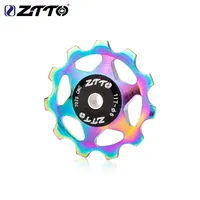 ZTTO MTB Bicycle Rear Derailleur Jockey Wheel Steel Bearing Pulley 11T 13T Purple CNC Road Bike Guide Roller Idler 4mm 5mm 6mm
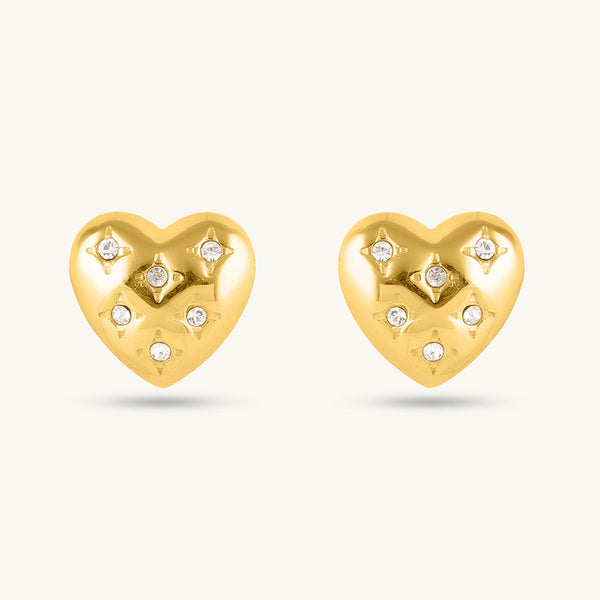 Star Kissed Heart Studs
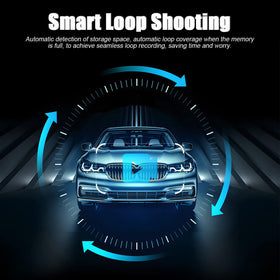 AUKEPO dash cam loop recording provides continuous footage.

INSTRUCTIONS FOR THE TASK:
A faithful copy of all the lines above is needed, with the pictures omitted.

SOLUTION TO THIS TASK:
 ZTTO MTB Bicycle Rear Derailleur Jockey Wheel Steel Bearing Pulley 11T 13T Purple CNC Road Bike Guide Roller Idler 4mm 5mm 6mm
 Star Kissed Heart Studs
 AUKEPO dash cam loop recording provides continuous footage.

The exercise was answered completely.